建築在如今的社會語境里,完全是融合里公共評論、資本運作、權力象徵和建築師本身能力的超級混合體。

但時間回退到 1980 年代初的扎哈·哈迪德身上,她所求的不過是得到一個可以付諸建造的項目而已。

當時她剛剛建立自己的事務所,參與香港國際建築設計競賽,作品「香港之峰俱樂部」一系列巨大而抽象的花崗岩幾何體贏得一等獎,卻最終因亞洲金融危機只停留在了方案階段。

「香港之峰俱樂部」設計方案

事實上這個獎還是因為身為評委的日本建築師磯崎新獨具慧眼,「我被她那獨特的表現和透徹的哲理性所吸引」,否則就會落到因為造型獵奇而從初審名單中淘汰的結局。同樣的情況在 1994 年英國威爾士卡迪夫歌劇院競賽再度出現,雖然獲得比賽一等獎,最終因卡迪夫地方政府的反對而未能實現,在接受《楊瀾訪談錄》採訪時,她曾將這一經歷看作是「職業生涯的重大挫折」。

扎哈所在的英國社會趨於保守,這是她在其他市場尋求突破的原因之一。 1993 年,她接受了人生第一個委託項目,位於德國魏爾阿姆賴因 Vitra 園區的消防站。
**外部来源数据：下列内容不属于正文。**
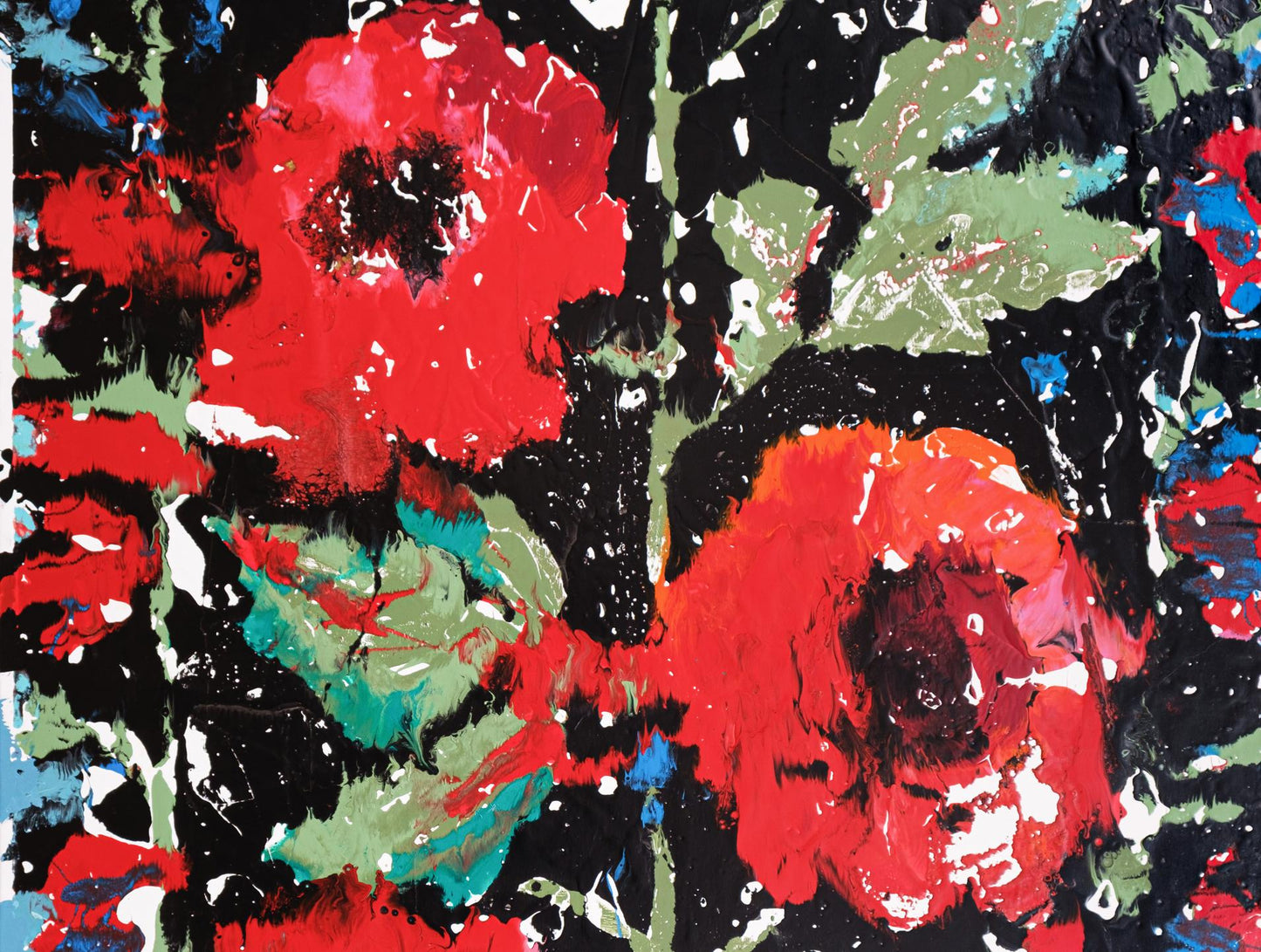 Oil painting Memory of good by Natalia Korf-Ivaniuk: vibrant red poppies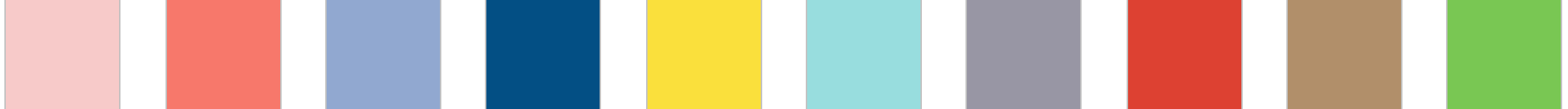 Pantone's top 10 Spring/Summer colors for 2016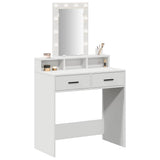 Dressing Table White 79 x 41 x 140 cm Engineered Wood 865163
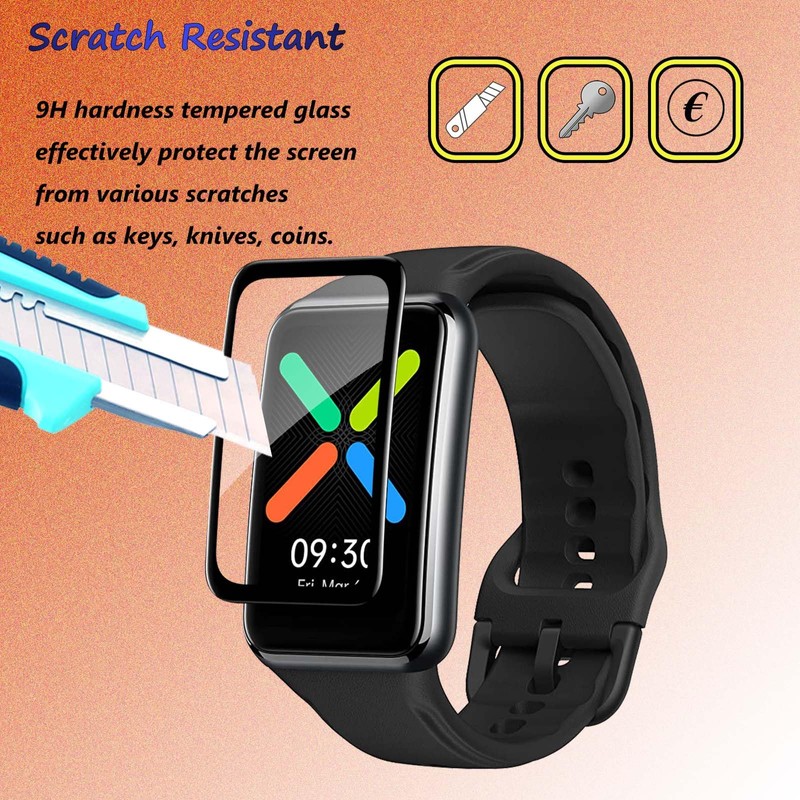 Fyqzio Pack of 4 Screen Protectors Compatible with Oppo Watch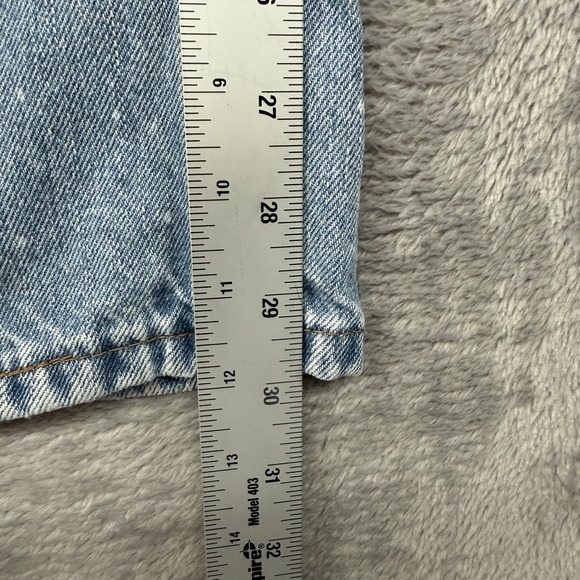 Levi's Mens 505‎ Stright Fit Straight Leg Jeans 40x32(30) Stonewash - Picture 7 of 16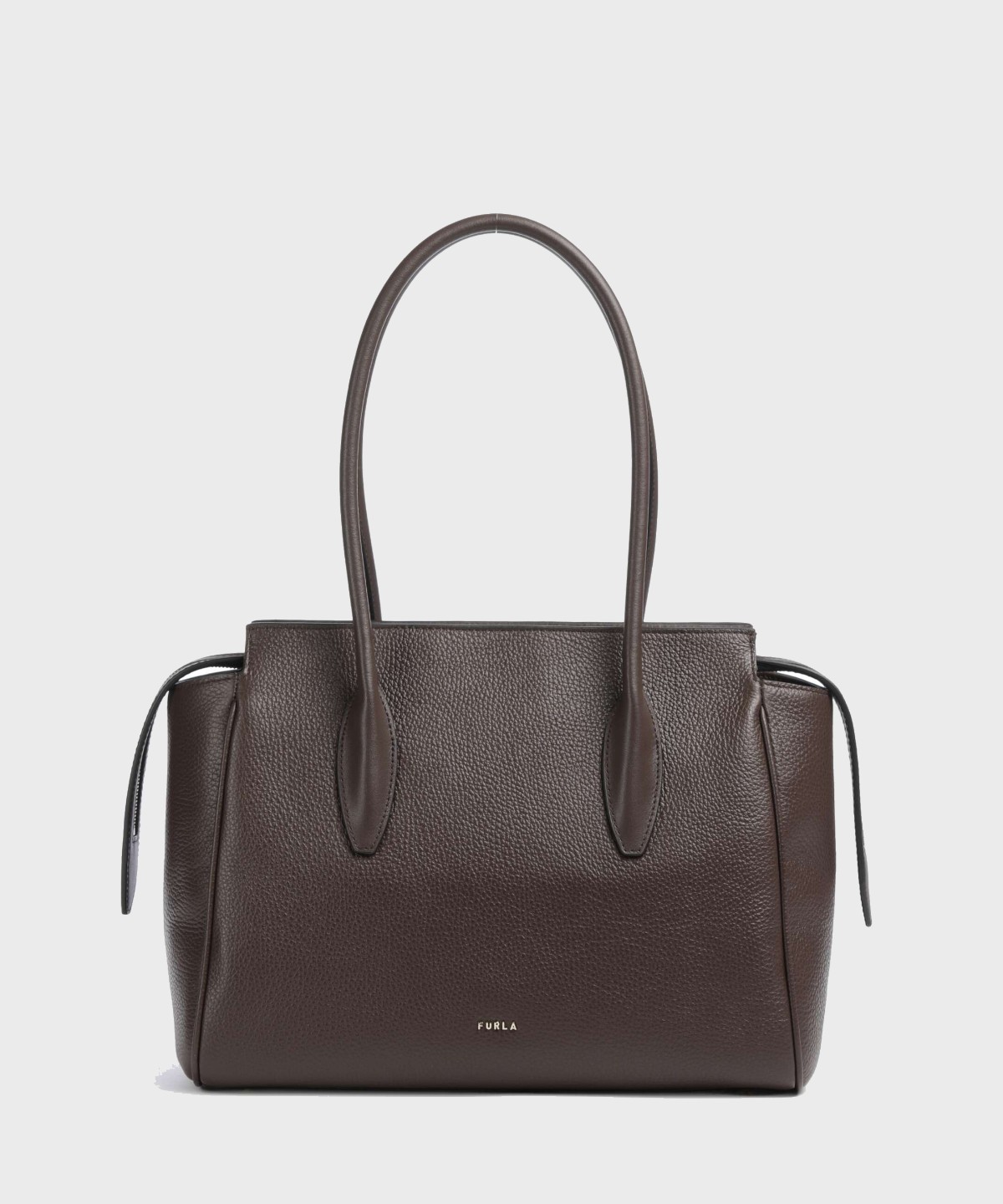 Furla Ambra L borsa shopper in pelle marrone...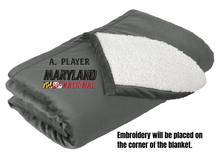 Load image into Gallery viewer, ***NEW*** Maryland National Lacrosse PA Mountain Lodge Blanket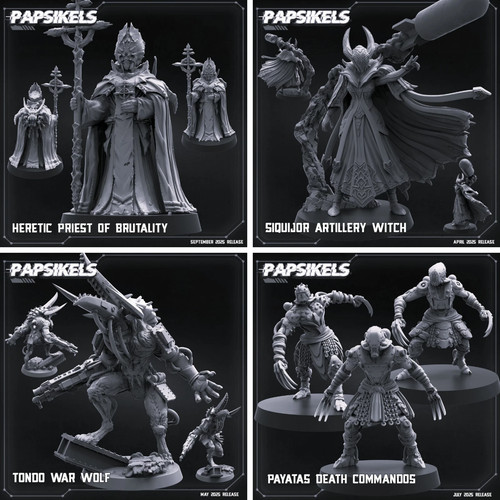 Papsikels Heretical Starter Warband | Crusade Compatible | 11 Miniatures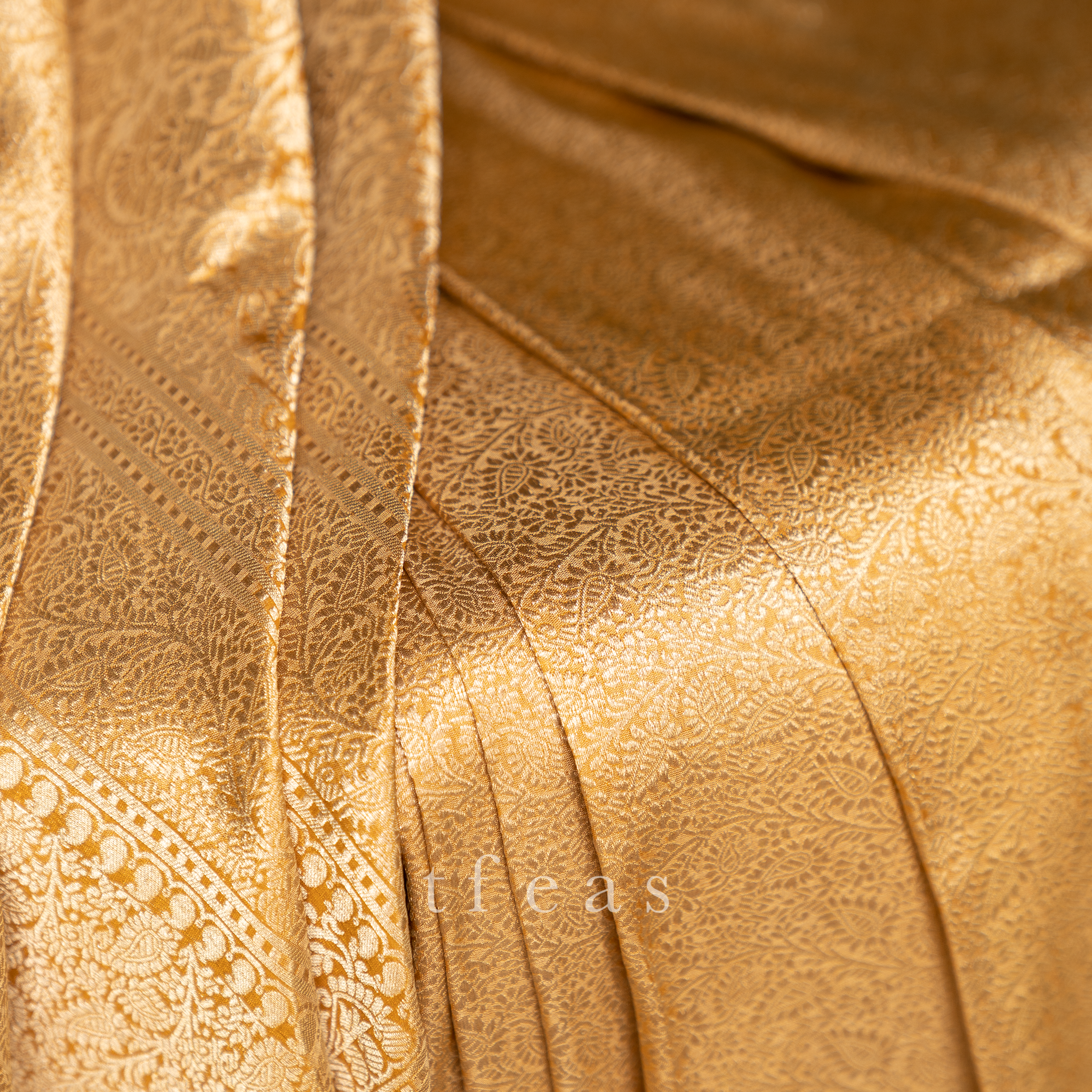 Mustard Brocade Benarasi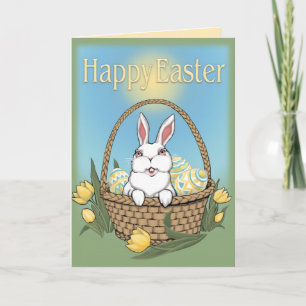 Easter Greeting Card Custom or Blank Bunny Card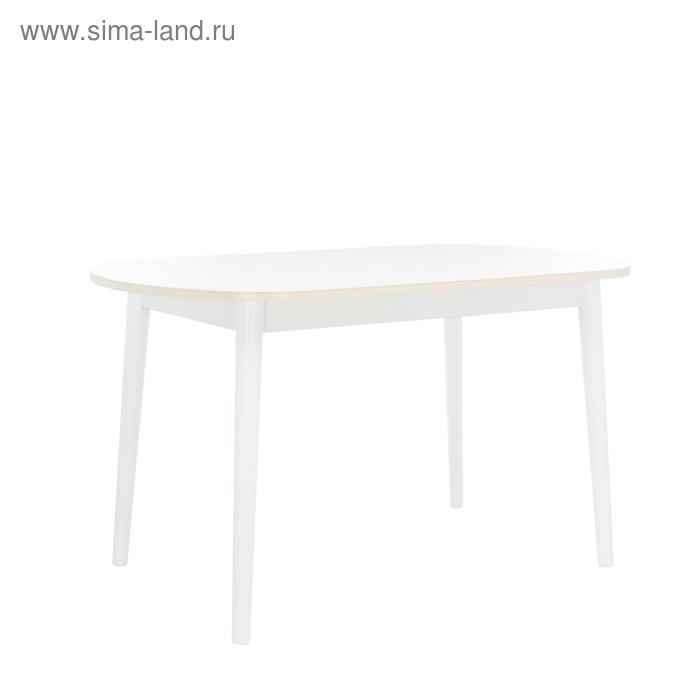 

Стол раздвижной Leset Акра 2Р, белый, стекло кремовое 1300/1600х800х740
那些由傾斜穿插的線條勾勒出的混凝土體塊彼時被認為是不合邏輯的複雜結構,而今卻成為了 Vitra 園區的經典。

Vitra 園區消防站

Vitra 園區消防站

這個項目被認為是幫助扎哈走出低谷的關鍵之作,它震撼了建築界,帶來了巨大的聲譽。然而從最現實的項目角度考慮,扎哈自那以後第二個知名作品,其實是 1999 年位於萊茵河畔威爾城(Weil amRhein)的州園藝展覽館,然後是 2002 年的奧地利因斯布魯克設計的伯吉瑟爾滑雪台和 2003 年的美國辛辛那提當代藝術中心,此後再過 6 年,才有蜚聲全球的羅馬二十一世紀博物館(MAXXI Museum)。

縱觀扎哈的項目落成時間表(因為要論圖紙的話,那就不計其數了),明星建築雖然數量眾多,但是間隔期都很長,這其中還不包括不能建造的概念設計。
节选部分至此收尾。